The magazine's contemporaries were Hugh Hefner’s Playboy, Ralph Ginzburg’s Eros and Barney Rosset’s Evergreen Review.

Screw is best known for its alarmingly frank representation of sex, in both lurid photographs and prose that has continually pushed close to the edges of protected speech. Founder Al Goldstein continually beat back the government forces that have tried to stifle him and has won a series of obscenity cases.

In 1974, Al Goldstein told Playboy magazine “We lead the league in tastelessness. Our photographs are filthier and our stories more disgusting. We make no effort to be artistic.”

Screw’s embrace of the film Deep Throat guaranteed the film’s success and simulataneously insured Screw’s place in publishing and as an innovator and trend-setter.

Over the years Screw has become known for its vicious attacks on celebrities, politicians, and pretty much anyone who has crossed Goldstein, from car rentals to local restaurants.

Screw is also legendary for its covers, which have featured a Who’s Who of American underground cartoonists, such as Robert Crumb, Vaughn Bodé, Wally Wood, and Danny Hellman.

In 1982, Goldstein was sued by Pillsbury after their “doughboy” logotype was spoofed in Screw. Goldstein won that case and the right to parody corporate logos is now firmly entrenched as protected speech.

In the 1990s, as business began to slip due to new competition from free adult weeklies and the internet, Goldstein became weighed down in a feud with his son Jordan and began filling the magazine with personal attacks against his “ex-son” and his ex-wife. Many observers noted that as Goldstein’s famous hate rants became more heated, the magazine lost focus and drifted from its editorial goals.
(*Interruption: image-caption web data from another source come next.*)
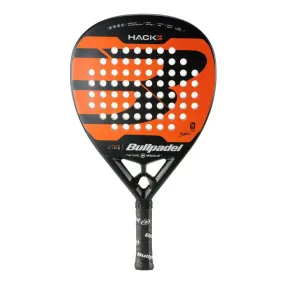 Bullpadel Padelracket Hack Junior 24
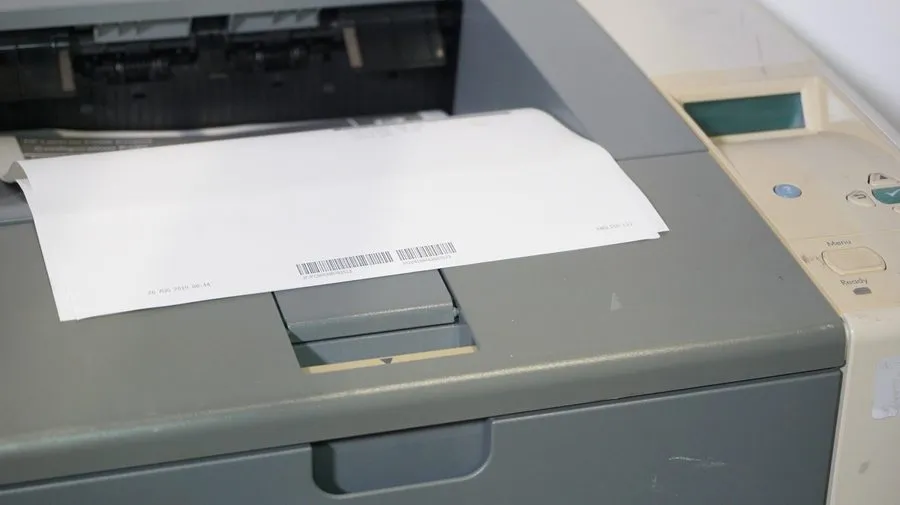 Лазерный принтер HP LaserJet P3005dn Monochrome Laser Printer Duplex Ethernet US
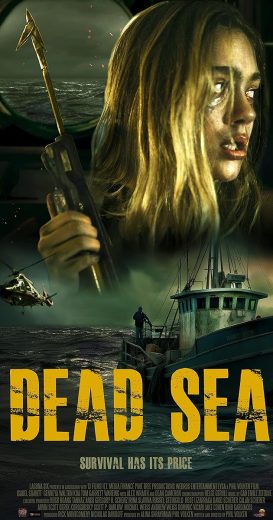 مشاهدة فيلم Dead Sea 2024 مدبلج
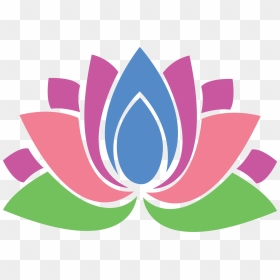 Symbol, HD Png Download - colourful floral design png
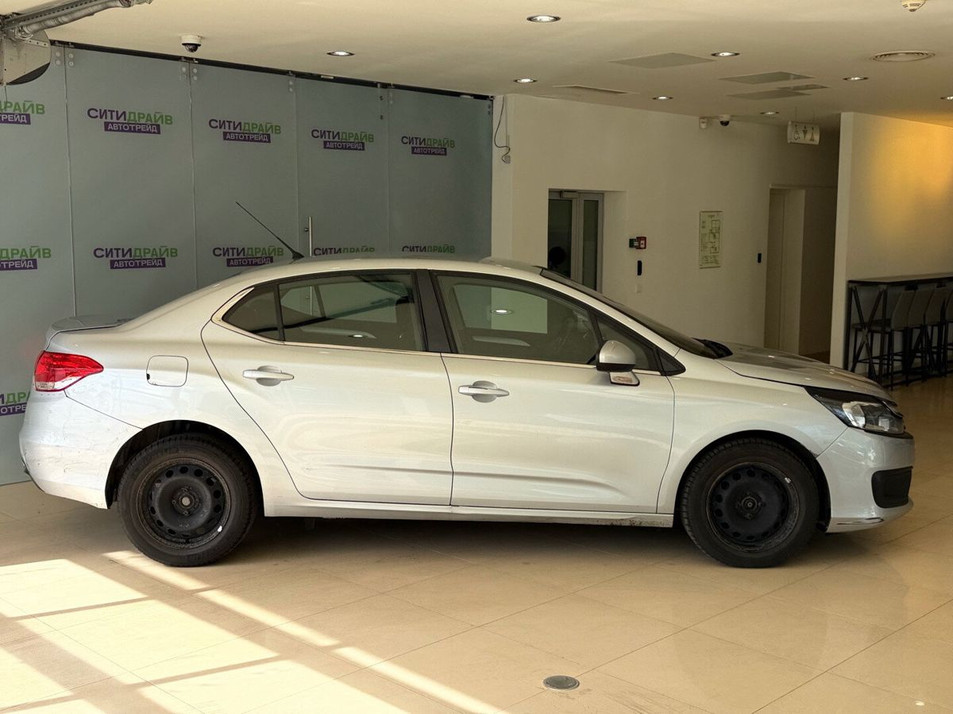 Автомобиль с пробегом Citroën C4 в городе Москва ДЦ - PANGO Центр Ситидрайв Мск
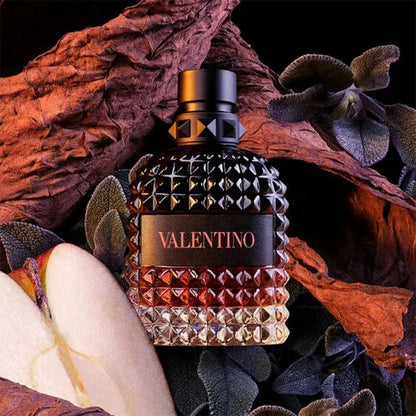 Valentino Uomo Coral Fantasy – Men’s Eau de Parfum 3.4oz by perfumesandrea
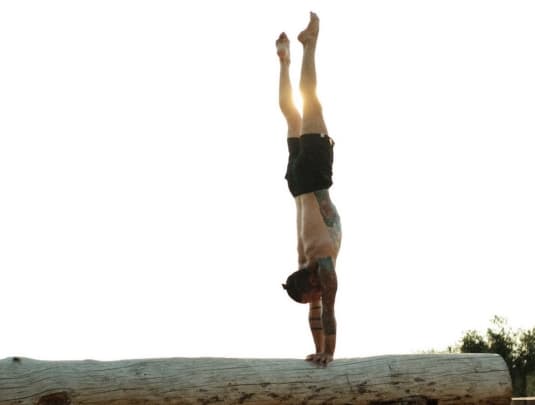 Handstand Preparation & Conditioning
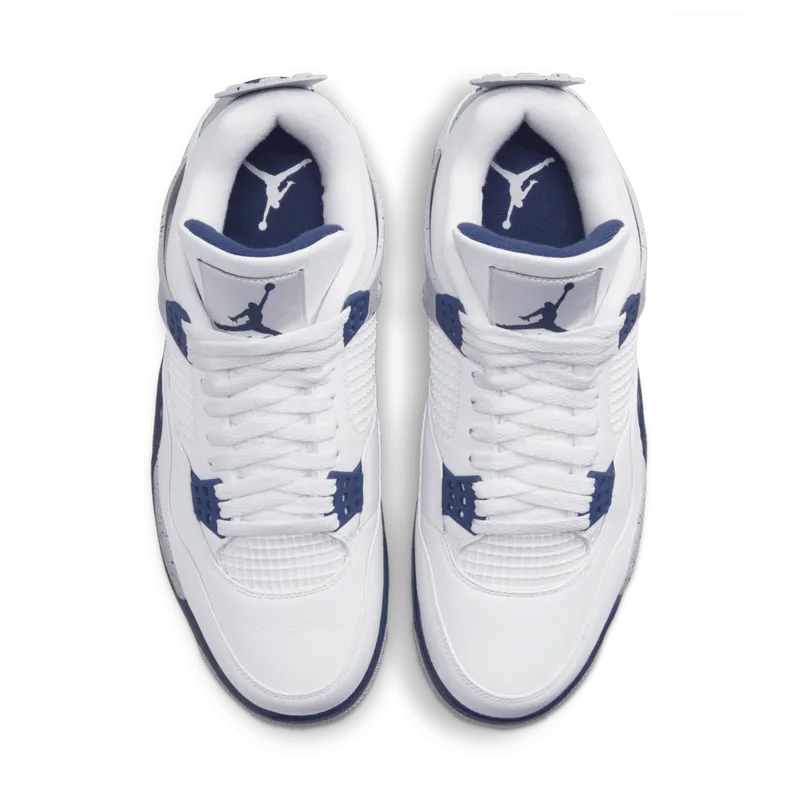 Air Jordan 4 Midnight Navy (DH6927-140)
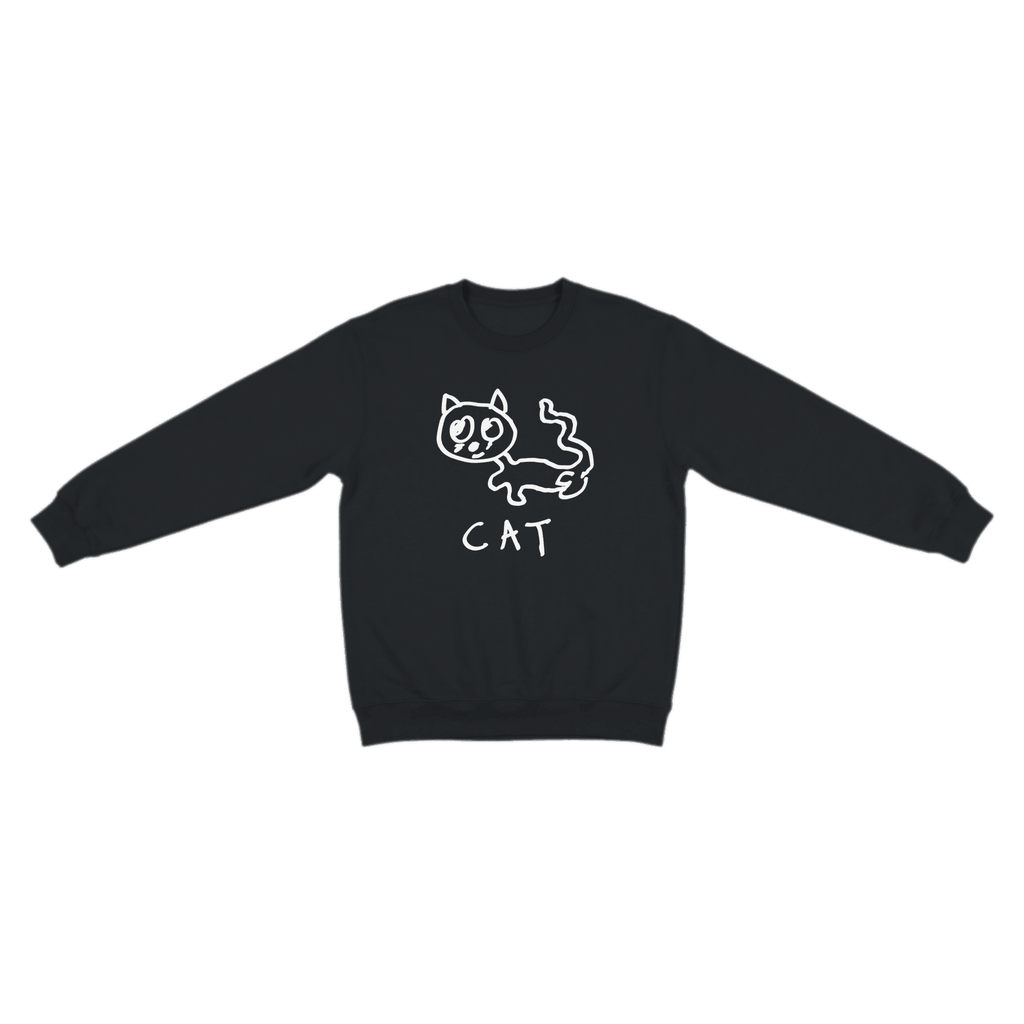 Cat - Crewneck Sweatshirt - Che Cose Belle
In 2003, after suffering through several well-publicized harassment trials, ill health, reckless spending and mismanagement, Screw declared bankruptcy. Goldstein, never responding adequately to an adult market now dominated by the internet, said at the time "we are an anachronism; we are dinosaurs; we are elephants going to the bone cemetery to die.... The delivery system has changed, and we have to change with it if we want to survive."

Later that year Screw was purchased and re-launched by DJK Productions, a consortium of former employees. Former High Times publisher Mike Edison, himself a former Screw freelancer was named as editor-in-chief. He is only the second person to hold that position in thirty five years.

Screw is now published bi-weekly with a circulation of 20,000.

In almost forty years of continuous publication, there have been almost 2,000 issues of Screw, making it one of the most durable and long-lasting publications in American history.

SCREW ORIGINAL MISSION STATEMENT (From issue No. 1, 1968)
WHAT WE STAND FOR: Screw welcomes you to the first issue of the most exciting new publication in the history of the West,. You are on the virgin trip of the first magazine-newspaper that gives sex a break and makes no bones about it. People f*** and do other things to each to other — whatever it is, we won’t knock it. In the ear or up the nostril — it’s your bag and it’s your business. We promise never to ink out a pubic hair or chalk out an organ. We apologize for nothing. We will uncover the entire world of sex. We’ll be the Consumer Reports of sex. We will lay it on the line, and on the bed, floor, the beachheads of the world and then lay it on the line until the whole world gets the message — SEX IS FUN.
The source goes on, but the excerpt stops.